- Born: 6 March 1914 Ruda Pabianicka
- Died: 28 January 1990 (aged 75)
- Allegiance: Poland France United Kingdom
- Branch: Polish Air Force France Armée de l'Air Royal Air Force
- Service number: P-1915
- Unit: No. 306 Polish Fighter Squadron No. 315 Polish Fighter Squadron No. 309 Polish Fighter-Reconnaissance Squadron
- Conflicts: Polish Defensive War, World War II
- Awards: Virtuti Militari; Cross of Valour; Distinguished Flying Cross (UK)

= Henryk Pietrzak =

Polish fighter ace

Henryk Pietrzak after the 500th victory

Henryk Pietrzak (b. 6 March 1914 – 28 January 1990) was a Polish fighter ace of the Polish Air Force in World War II.

==Biography==
Pietrzak joined the Polish Air Force in 1933, as a member of the 4th Air Regiment where he was flying as a pilot of the Polish 114th Fighter Escadrille Polish 114th Fighter Escadrille and during the Invasion of Poland, he was an instructor in the Central Flying School Centrum Wyszkolenia Lotnictwa nr 1 later flew fighters with the Free French Air Force's GC III/9 squadron.

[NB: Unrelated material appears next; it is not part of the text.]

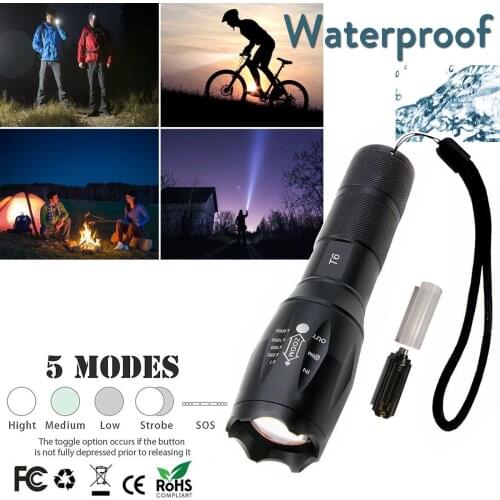 Rechargeable LED Flashlight Torch T6 Tactical Military Zoomable 5 Mode 4000 lumens 18650 Battery Powered Outdoor Camping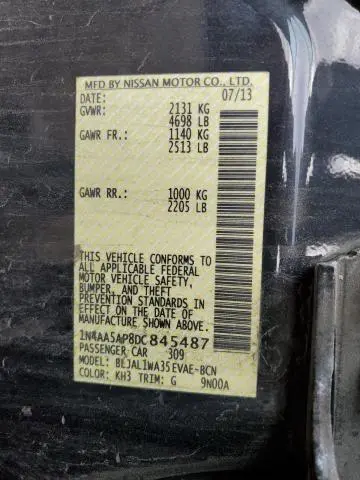 2013 NISSAN MAXIMA S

He joined No. 306 Polish Fighter Squadron as a Sergeant Pilot in August 1941, flying Hawker Hurricanes and Supermarine Spitfires, and was commissioned the following year, eventually becoming a squadron leader. On 31 December 1942 while flying a Spitfire Mk IX (Serial No. EN128) he scored the 500th victory for the UK-based Polish Air Force in the war and was later decorated by Polish President Władysław Raczkiewicz.
After starting a second tour with 306 Sqn he joined 315 Polish Fighter Squadron from July 1944 until October 1944, flying P-51 Mustang IIIs. He was awarded the DFC in August 1944.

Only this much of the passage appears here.